The Snowman Experience (Hyde Park Winter Wonderland)

In honour of the 40th anniversary of the publication of the Raymond Briggs book of The Snowman, this new “experience” has been created by Backyard Cinema.  It claims to be a fully immersive experience in which fans of both book and the 1982 television film can enjoy the story in a “3-D” setting, as “if you are flying with the Snowman”.  In short, it claims something special: but is it?

The attraction begins with the now obligatory photographs which you can buy later in the gift shop.  Then to a waiting area where a trailer promises great things ahead, before you are ushered into a screening room to watch the first part of the film.

This area is dressed with sets of both the living room and the kitchen, plus windows leading to the outside.  A snowball hits the kitchen window in virtual form when the little boy throws it.
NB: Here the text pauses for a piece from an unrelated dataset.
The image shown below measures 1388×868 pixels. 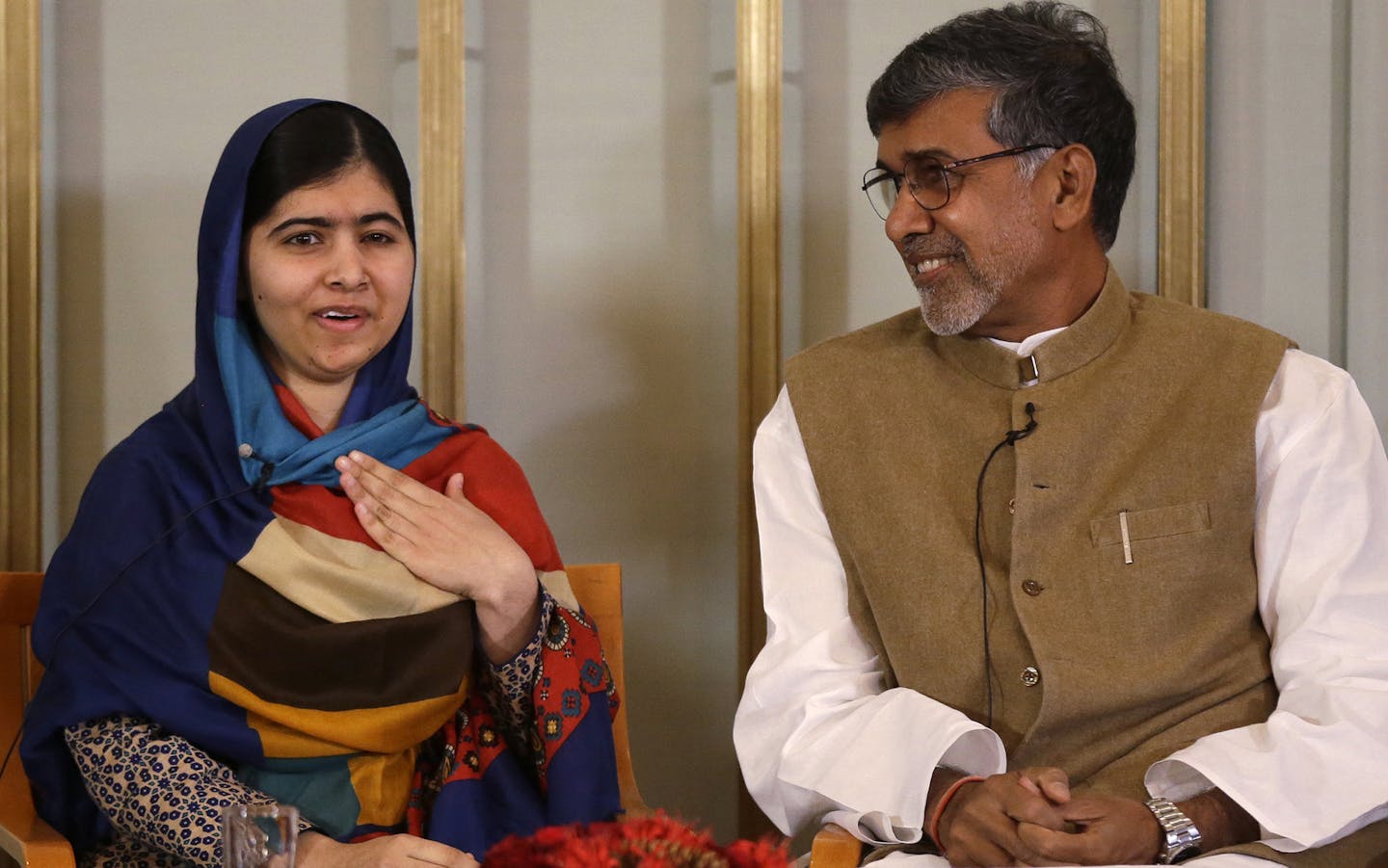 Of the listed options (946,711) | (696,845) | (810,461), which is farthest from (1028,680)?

The Christmas tree lights and the TV come on and off in synch with what we see on the screen.  When the Snowman turns on the hot tap, steam comes out of the one on the set.

But sadly no magic feeling when the Snowman comes to life at midnight, other than the spotlighting of a grandfather clock.

snowman 3

Then to room two, which you reach through a forest of branches and crunchy ground, to stand and watch the bike ride and the  Walking in the Air flying sequence.  At the point the Snowman and the boy take off, the 4:3 ratio film is zoomed in and stretched to widescreen, and I’m sorry to say the quality suffered, spoiling many of the sequences such as the man with the bottle, and the appearance of the whale.
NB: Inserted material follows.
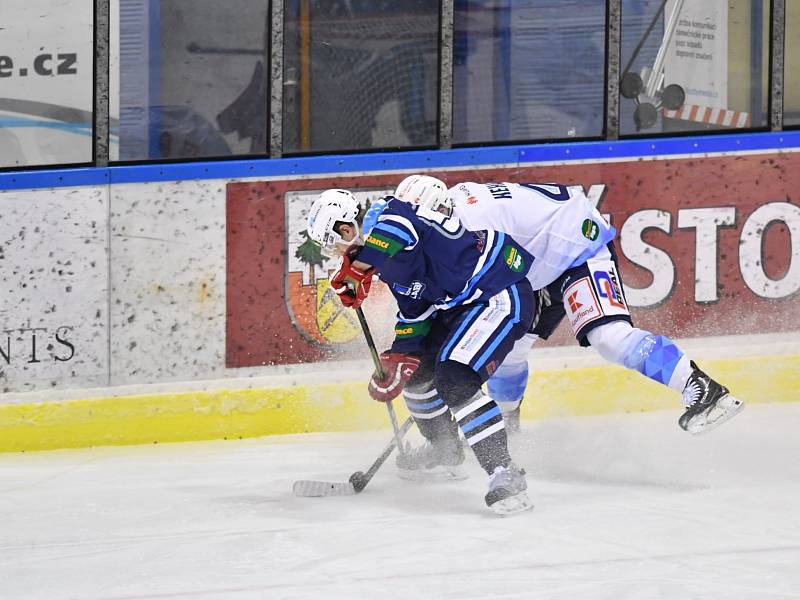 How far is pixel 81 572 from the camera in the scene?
3580 millimetres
Finally, the North Pole party is viewed (back to original ratio, happily) in a set dressed with a party table, lights, and a brief appearance of the Snowman himself.

snowman 2

This experience is an interesting idea, but to me it was a three-star experience showcasing a five-star film.  The power is in Briggs’s story and how it was adapted for the small screen.  That does come across – just – but the extras just aren’t magical or special enough for me, and I left a little disappointed.  Immersive experiences are thriving in the theatre and this needs to up its game to compete with them.

In the gift shop the best value items are a small Snowman for £9, one of the photos from the start for £10 (or four for £25), and small badge pins.  You can splash out on a beautiful Stieff Snowman for £69, or a large cuddly version for £26.  Or if you would like the anniversary editions of the book or film, these are here too.

Tickets for The Snowman Experience are £13, and the experience takes 45 minutes to complete, with shows starting every 20 minutes.  Entry to Winter Wonderland itself is free.